### WORK TO BE COMPLETED
Give the listing back in full, exactly as written, with the pictures removed.

### RECORDED DATA

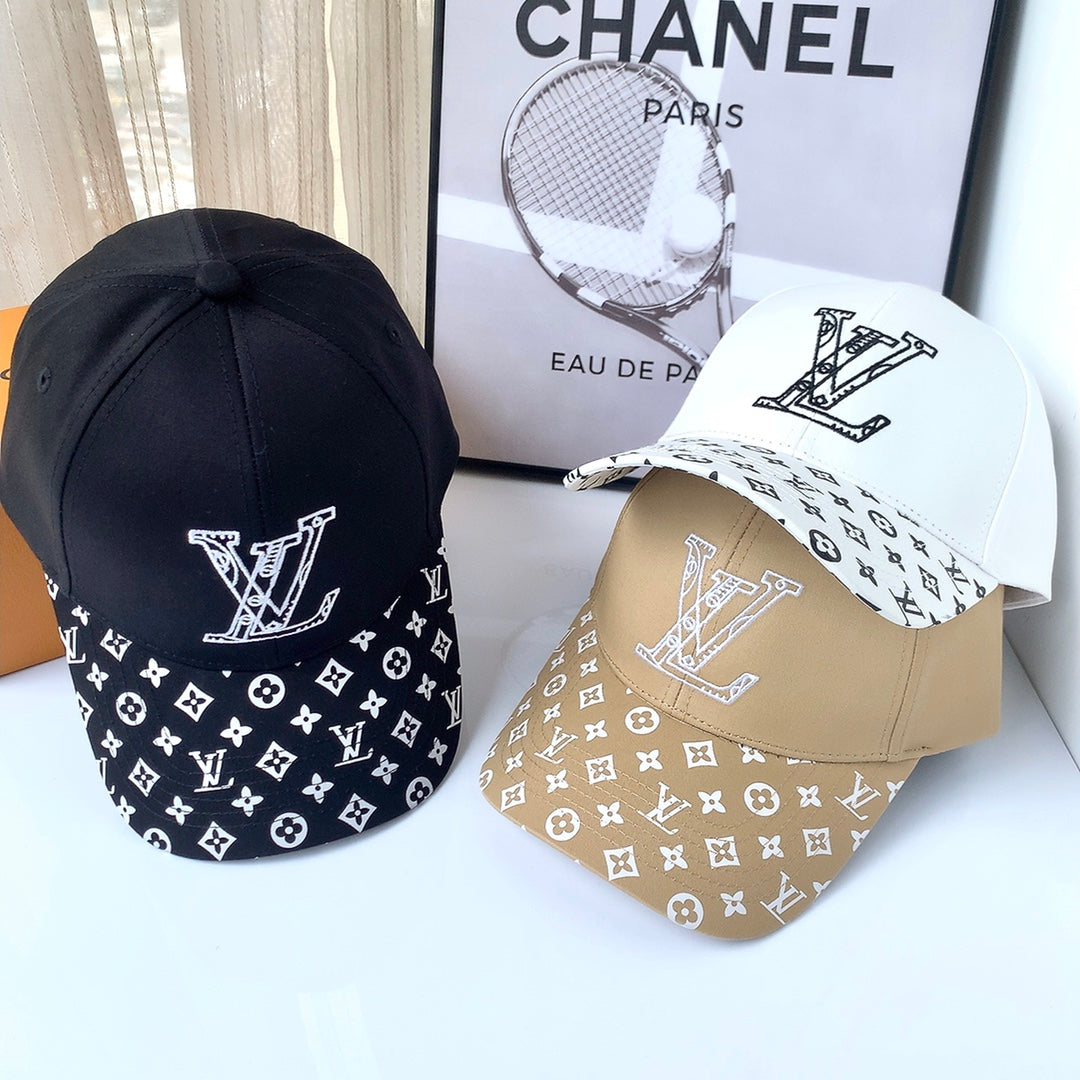 Three Louis Vuitton caps in black, white, and beige with a Chanel book in the background.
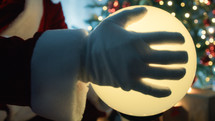 Santa claus touching a magical sphere
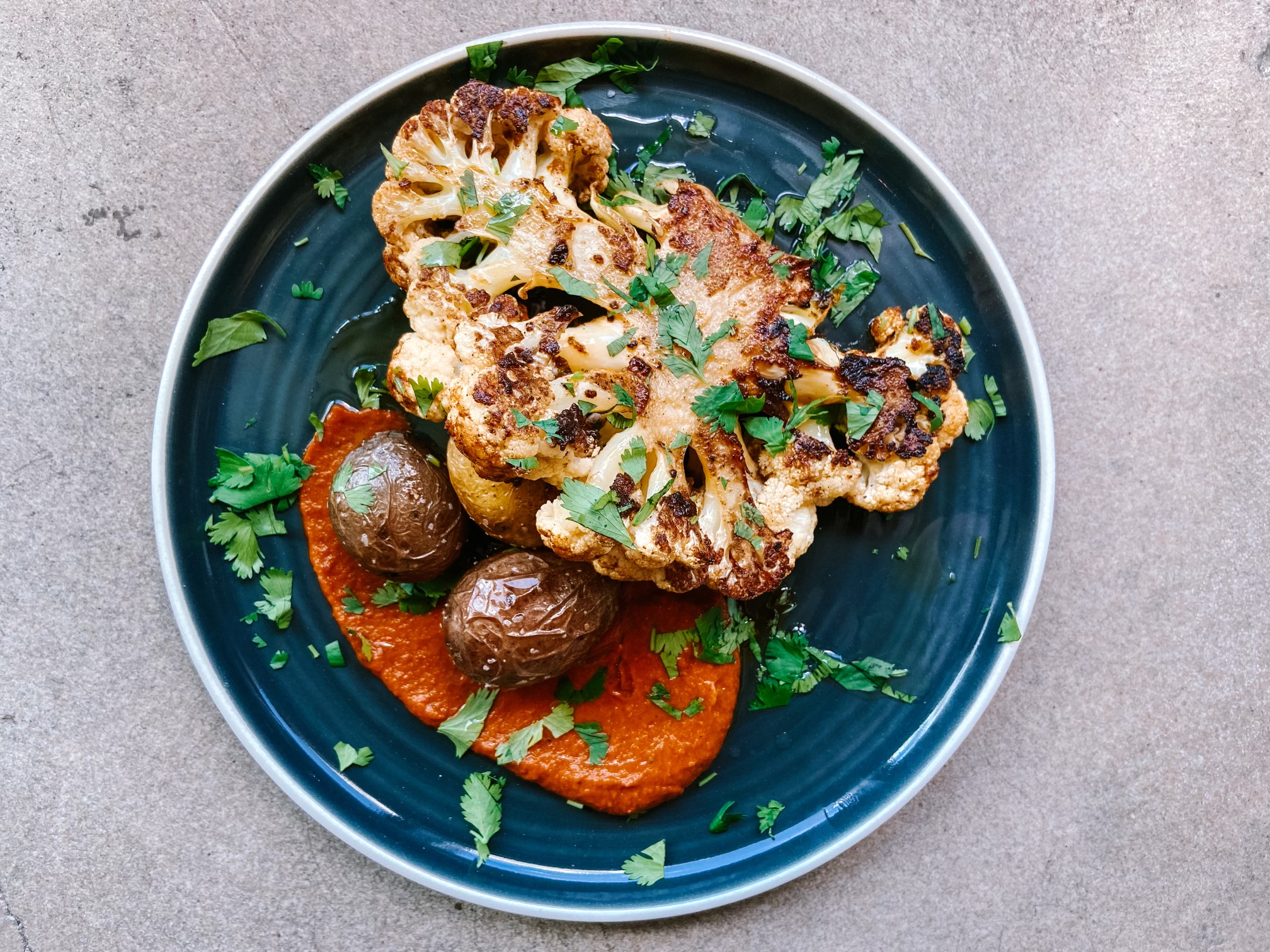 A big slice of cauliflower covered in herbs next to an orange sauce on a blue plate.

### RESPONSE TO THE TASK
 Three Louis Vuitton caps in black, white, and beige with a Chanel book in the background.
 Santa claus touching a magical sphere
 A big slice of cauliflower covered in herbs next to an orange sauce on a blue plate.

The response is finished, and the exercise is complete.